One of the companies I follow quite closely is a rapidly growing cleantech company in Victoria, BC, Canada called Carmanah Technologies (TSX:CMH) (named after Carmanah Valley they tell me, which is apparently an absolutely gorgeous wilderness on Vancouver Island), which makes solar LED lighting products. Carmanah won the most promising presenter award at the Cleantech Venture Network’s Cleantech Venture Forum V in 2004.
I had the opportunity to visit the company and its manufacturing plant some time back, and was quite impressed with the product and operations. Carmanah makes a whole line of productized solar LED systems. They sell these products to light airfields, marine buoys, traffic signs, and bus stops, as well as operating the largest solar systems company in Canada. What interested me recently, a few weeks ago, they announced the release of a fully centralized wireless controlled smart solar LED lighting product. Press release here.

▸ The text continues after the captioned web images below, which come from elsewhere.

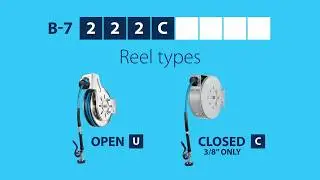Build The Ideal Hose Reel System With T&S Smart Numbering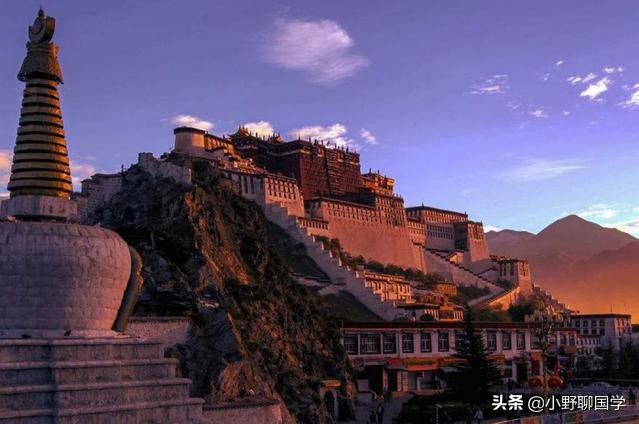 布达拉宫是为谁建造的（西藏布达拉宫是哪个朝代修建的）
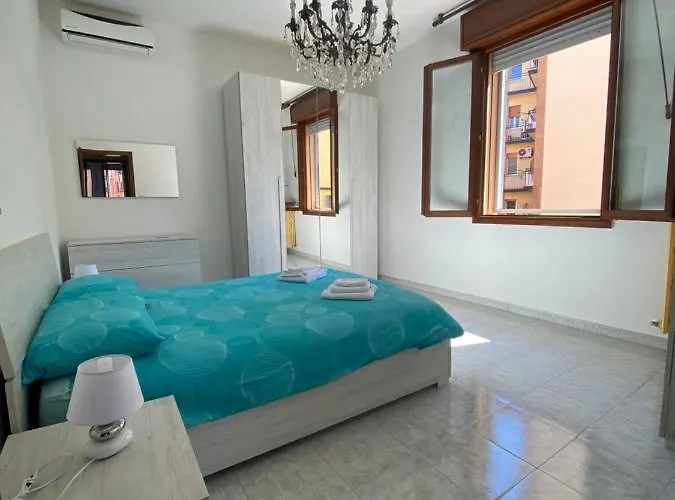 M.G. Home 2 A Un Passo Da Tutto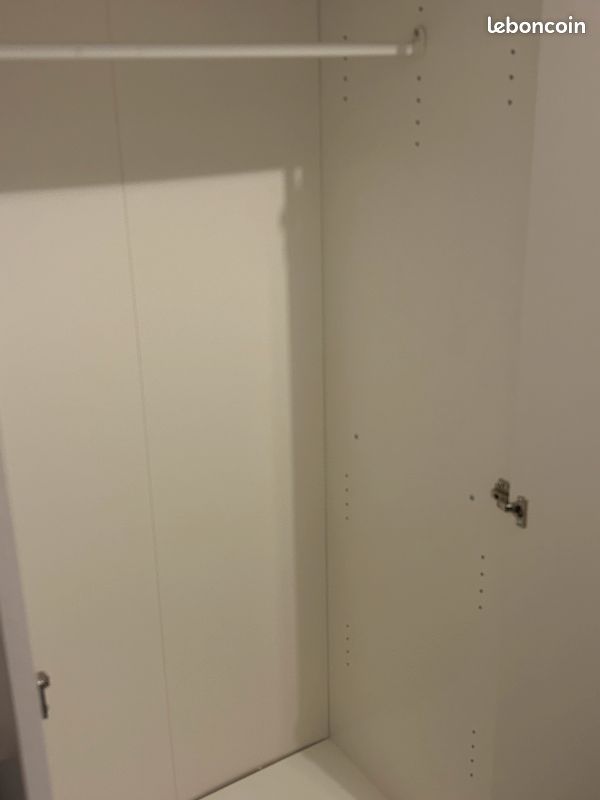 Armoire IKEA KLEPPSTAD (image 5)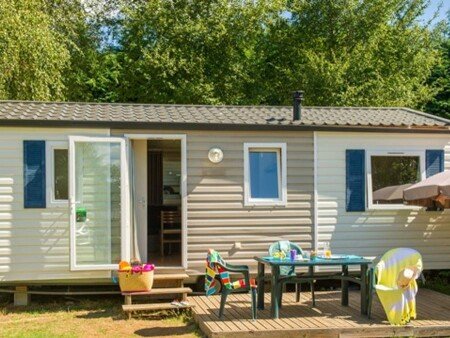 Mobil home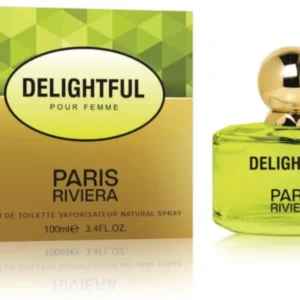 Paris Riviera Delightful
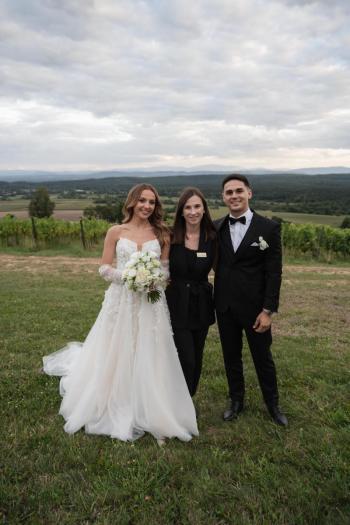 Czas na miłość  - Julia Liśkiewicz | Wedding planner Kraków, małopolskie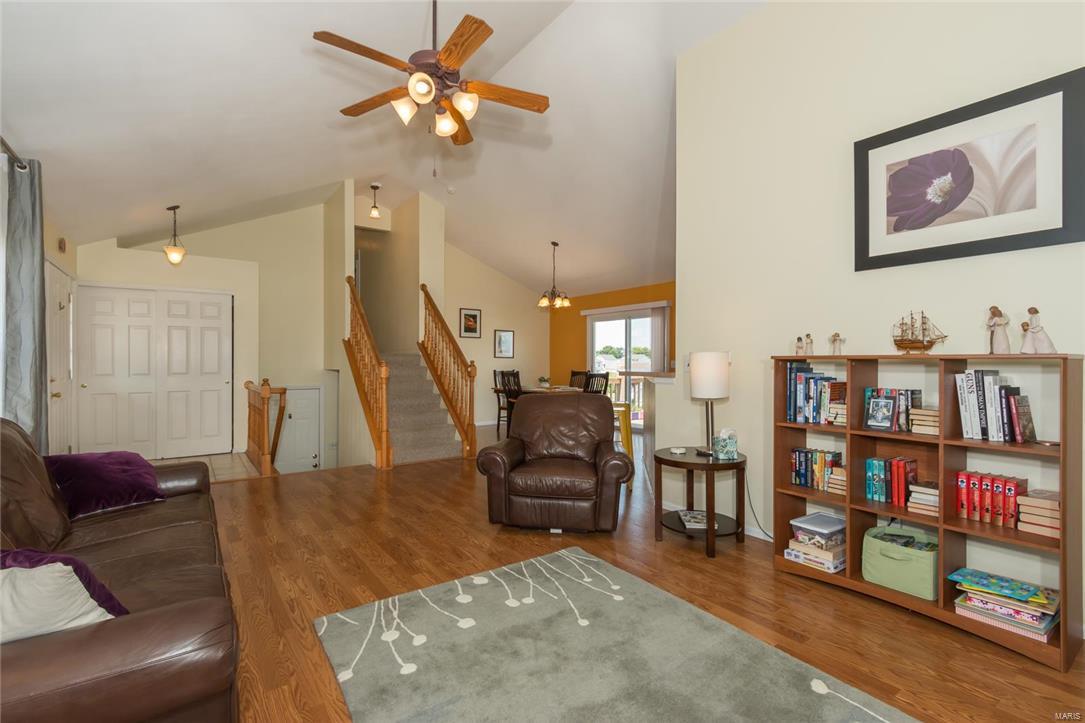 Vlgs of Stonegate #3 - Residential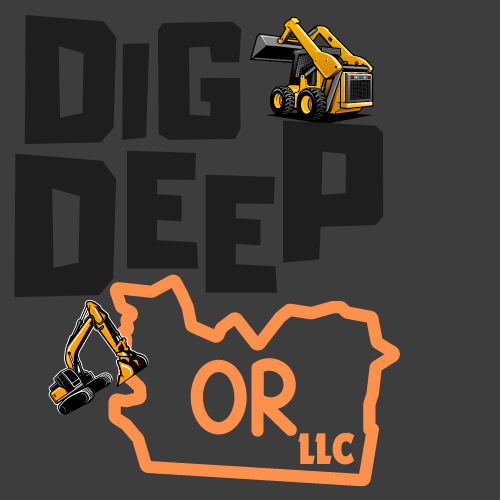 DIG DEEP OR LLC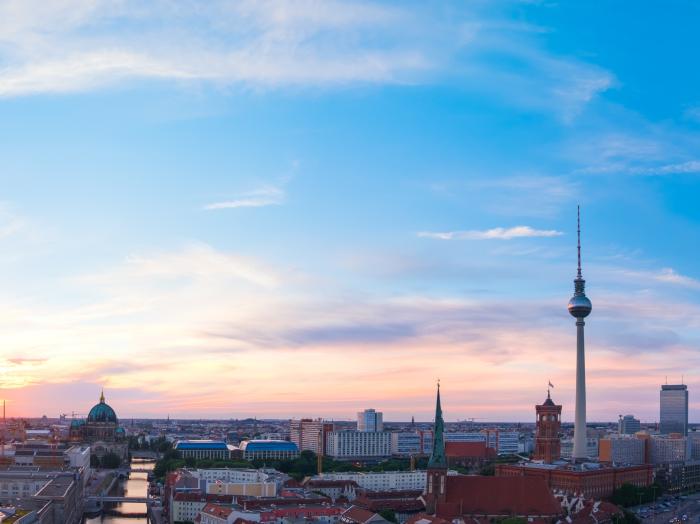 Wird sich die finanzielle Situation Berlins stabilisieren?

The basic product for airfields has been a hardened, fully integrated solar module encapsulated in molded plastic with an LED array and rechargeable battery, and incorporating smart battery management technology. The key innovations are around the battery management, and brightness /range capabilities of the product. The product enables an airfield to light its runways and service ways without the cost of wiring and wiring conduits, or the cost of powering those lights. The product is currently working through FAA approval for runway lighting based on a system in use at the Truckee Airport, and the company is a major supplier to military and remote airfields around the world.
What Carmanah has added in this recent product (which I got to see on the test bed when I was there), is a wireless independent remote control of each of the lighting systems on the field. The protocol they are using is an 900 MHz RF (enrypted). As one of the companies I am involved in in wireless face a similiar set of technical problems in another industry, I was intrigued by the technology choices. Low frequency RF like this lends itself to the battery management (sends in databursts, not an always on solution, and not power hungry) needs, can be easily made to band hop, and is an inherently easier to secure compared to 802.11 solutions. They have incorporated pre-programmed and central control, handheld control and aircraft controlled programming and activation, meaning that pilots flying into a remote or unattended field could signal ahead for lighting. It looks like a great choice for general aviation as well as major hub airports.
Kind of a cleantech meets wireless play.